Tujuh Kelurahan di Semarang Ini Jadi Prioritas Pengentasan Kemiskinan

Sosialisasi Penanggulangan Kemiskinan di Kota Semarang. / Foto: Ellya

Semarang, 25/10 (BeritaJateng.tv) – Pemerintah Kota (Pemkot) Semarang fokus mengentaskan kemiskinan di tujuh kelurahan di Kota Semarang.

Hal itu disampaikan oleh Pelaksana Tugas (Plt) Hevearita Gunaryanti Rahayu, usai menghadiri acara Sosialisasi Percepatan Penanggulangan Kemiskinan yang digelar oleh Badan Perencanaan Pembangunan Daerah (Bappeda) Kota Semarang, di Rooms Inc Hotel pada Selasa (25/10).

Adanya sosialisasi ini diharapkan sebagai langkah awal Kota Semarang dalam menerapkan program penanggulangan kemiskinan pada 2023 mendatang.

Ita, begitu sapaan akrab Plt Wali Kota Semarang itu mengatakan, kedepannya program penanggulangan kemiskinan akan diprioritaskan di tujuh kelurahan dengan tingkat kemiskinan yang dinilai tinggi.

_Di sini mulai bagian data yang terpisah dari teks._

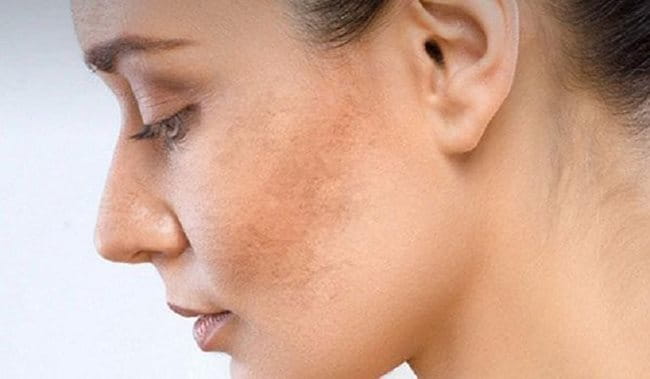 Nám da mặt vùng má rất dễ gặp ở nhiều người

“Kelurahannya ada Muktiharjo, Tandang, kemudian Tanjungmas, Bandarharjo, Kemijen, Rejosari, sama Muktiharjo Kidul,” jelas Ita.

Menurutnya ketujuh kelurahan yang dimaksud, tidak masuk dalam kemiskinan ekstrim lantaran pihaknya belum menemukan di lapangan terkait hal tersebut.

Meski begitu, Ita berkomitmen tujuh kelurahan itu akan tetap menjadi prioritas dalam pengentasan kemiskinan pada tahun 2023.

“Tidak bicara ekstrim ya, karena insyaallah kalau di Kota Semarang mungkin tidak seekstrim dengan daerah lain. Tapi kami tetap ini menjadi prioritas untuk tahun 2023,” ucapnya.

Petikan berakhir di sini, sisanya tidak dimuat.